Meade observes that: “It is ironic that the only surviving physical [word-]portrait of Eleanor comes from a man who viewed her as a Babylonian harlot” . . . .

While I was looking for things I had forgotten, I looked for her description of the courts of love that Eleanor hosted, and was reminded of things that, when I read this book in earnest in the mid-nineties, I was not as interested in as I later became.

So I was surprised, this time, by Meade’s declaration that the book by the cleric Andreas Capellanus was actually dictated by Eleanor’s daughter, Marie, and reflected the thought of both Eleanor and Marie (pp. 252-253). When he had a chance to do so, Capellanus added the epilogue denouncing the book and all females that is part of the current version.

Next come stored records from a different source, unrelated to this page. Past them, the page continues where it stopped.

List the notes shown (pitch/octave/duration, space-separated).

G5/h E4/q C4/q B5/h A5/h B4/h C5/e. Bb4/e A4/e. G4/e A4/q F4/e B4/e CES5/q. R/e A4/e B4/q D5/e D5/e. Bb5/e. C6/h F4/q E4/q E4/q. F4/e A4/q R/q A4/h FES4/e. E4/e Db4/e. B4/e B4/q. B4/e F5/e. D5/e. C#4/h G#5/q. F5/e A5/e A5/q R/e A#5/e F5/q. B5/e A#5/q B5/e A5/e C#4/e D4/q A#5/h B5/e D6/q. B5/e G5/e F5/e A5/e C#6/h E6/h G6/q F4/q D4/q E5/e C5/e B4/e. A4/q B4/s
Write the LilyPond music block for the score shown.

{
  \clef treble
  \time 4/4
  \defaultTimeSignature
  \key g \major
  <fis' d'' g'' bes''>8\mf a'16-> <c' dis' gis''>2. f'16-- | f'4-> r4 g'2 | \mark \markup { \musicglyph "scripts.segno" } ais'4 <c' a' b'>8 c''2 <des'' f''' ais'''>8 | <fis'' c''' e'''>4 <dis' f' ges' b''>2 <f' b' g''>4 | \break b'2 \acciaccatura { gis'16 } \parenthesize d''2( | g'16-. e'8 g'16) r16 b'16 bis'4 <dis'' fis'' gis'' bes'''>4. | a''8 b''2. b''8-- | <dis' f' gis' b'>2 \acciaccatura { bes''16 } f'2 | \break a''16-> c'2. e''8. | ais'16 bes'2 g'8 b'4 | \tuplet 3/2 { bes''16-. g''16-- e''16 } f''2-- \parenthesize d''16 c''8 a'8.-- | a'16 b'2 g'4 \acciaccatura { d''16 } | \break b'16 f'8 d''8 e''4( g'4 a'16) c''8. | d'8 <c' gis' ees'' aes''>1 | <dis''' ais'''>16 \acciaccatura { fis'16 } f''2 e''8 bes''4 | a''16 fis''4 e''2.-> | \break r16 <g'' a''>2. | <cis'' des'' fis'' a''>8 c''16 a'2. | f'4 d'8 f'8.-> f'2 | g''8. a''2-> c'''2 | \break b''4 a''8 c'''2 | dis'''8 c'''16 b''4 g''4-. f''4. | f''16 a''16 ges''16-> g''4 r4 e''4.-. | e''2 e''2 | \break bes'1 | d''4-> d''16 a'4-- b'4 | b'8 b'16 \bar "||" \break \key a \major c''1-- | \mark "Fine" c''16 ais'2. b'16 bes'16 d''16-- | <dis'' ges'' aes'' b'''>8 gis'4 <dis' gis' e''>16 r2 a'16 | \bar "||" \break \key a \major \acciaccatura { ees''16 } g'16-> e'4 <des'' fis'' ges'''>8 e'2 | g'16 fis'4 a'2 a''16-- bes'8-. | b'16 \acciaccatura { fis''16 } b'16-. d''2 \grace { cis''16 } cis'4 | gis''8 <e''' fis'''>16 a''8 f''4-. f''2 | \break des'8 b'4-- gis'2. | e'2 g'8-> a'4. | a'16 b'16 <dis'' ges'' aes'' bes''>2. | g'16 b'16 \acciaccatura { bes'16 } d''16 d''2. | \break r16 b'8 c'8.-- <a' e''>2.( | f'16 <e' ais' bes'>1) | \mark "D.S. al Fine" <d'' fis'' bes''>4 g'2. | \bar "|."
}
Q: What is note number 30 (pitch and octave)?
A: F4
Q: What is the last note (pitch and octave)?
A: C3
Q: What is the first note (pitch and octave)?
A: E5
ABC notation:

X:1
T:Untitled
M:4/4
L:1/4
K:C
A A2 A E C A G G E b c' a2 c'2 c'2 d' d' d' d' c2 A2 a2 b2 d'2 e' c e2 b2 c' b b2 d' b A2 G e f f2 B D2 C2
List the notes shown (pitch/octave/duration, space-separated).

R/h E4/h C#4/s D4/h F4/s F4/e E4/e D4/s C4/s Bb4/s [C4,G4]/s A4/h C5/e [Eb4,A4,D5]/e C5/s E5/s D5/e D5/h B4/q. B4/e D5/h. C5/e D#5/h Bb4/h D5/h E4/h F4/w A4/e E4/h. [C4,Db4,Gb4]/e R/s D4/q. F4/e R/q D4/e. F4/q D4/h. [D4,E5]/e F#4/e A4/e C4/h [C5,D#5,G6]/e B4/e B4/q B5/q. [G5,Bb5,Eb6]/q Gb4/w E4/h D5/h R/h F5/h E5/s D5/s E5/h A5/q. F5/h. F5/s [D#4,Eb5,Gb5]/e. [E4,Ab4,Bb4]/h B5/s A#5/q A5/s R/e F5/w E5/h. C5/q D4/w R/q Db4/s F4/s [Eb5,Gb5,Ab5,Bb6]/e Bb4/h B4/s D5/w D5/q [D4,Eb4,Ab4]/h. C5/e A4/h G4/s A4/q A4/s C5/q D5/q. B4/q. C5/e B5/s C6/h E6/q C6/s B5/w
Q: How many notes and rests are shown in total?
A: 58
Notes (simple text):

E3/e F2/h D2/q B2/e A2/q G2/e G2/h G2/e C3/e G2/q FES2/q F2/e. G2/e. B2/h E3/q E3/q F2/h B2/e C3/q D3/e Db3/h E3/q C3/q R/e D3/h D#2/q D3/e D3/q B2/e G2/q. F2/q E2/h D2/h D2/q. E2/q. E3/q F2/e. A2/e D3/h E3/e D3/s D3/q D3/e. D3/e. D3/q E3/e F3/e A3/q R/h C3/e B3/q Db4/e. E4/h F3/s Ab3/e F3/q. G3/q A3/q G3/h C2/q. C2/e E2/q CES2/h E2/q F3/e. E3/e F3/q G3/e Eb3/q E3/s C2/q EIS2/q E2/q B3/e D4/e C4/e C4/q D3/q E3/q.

Meade characterizes the book in a way I would not, really, because I have a different set of sensibilities. She says of the book that it almost seems . . . “like a manifesto for some Amazon culture.”

Where I got seriously hung up with the Capellanus book is in its prescription that if you, noble-man, can’t contain yourself, then go rape a peasant girl. But for goodness-sake don’t tell her you love her. That sort of talk is reserved for noble ladies whom you must always respect and obey.

So what I had laid at the feet of poor Andreas C. I should have laid at the feet of Eleanor and Marie!

Class trumped sex in their minds! They were trying to protect noble ladies, like themselves. Peasants were peasants, born to be used.

I tend to take that personally, being a peasant.  But OK, Eleanor and Marie, you were a product of your time even though you (and I, previously) thought you were not!

Maybe the same is true for me, I can’t know.

These were the only things I looked at this time, in this fine biography.  But I will keep it close, for further reference.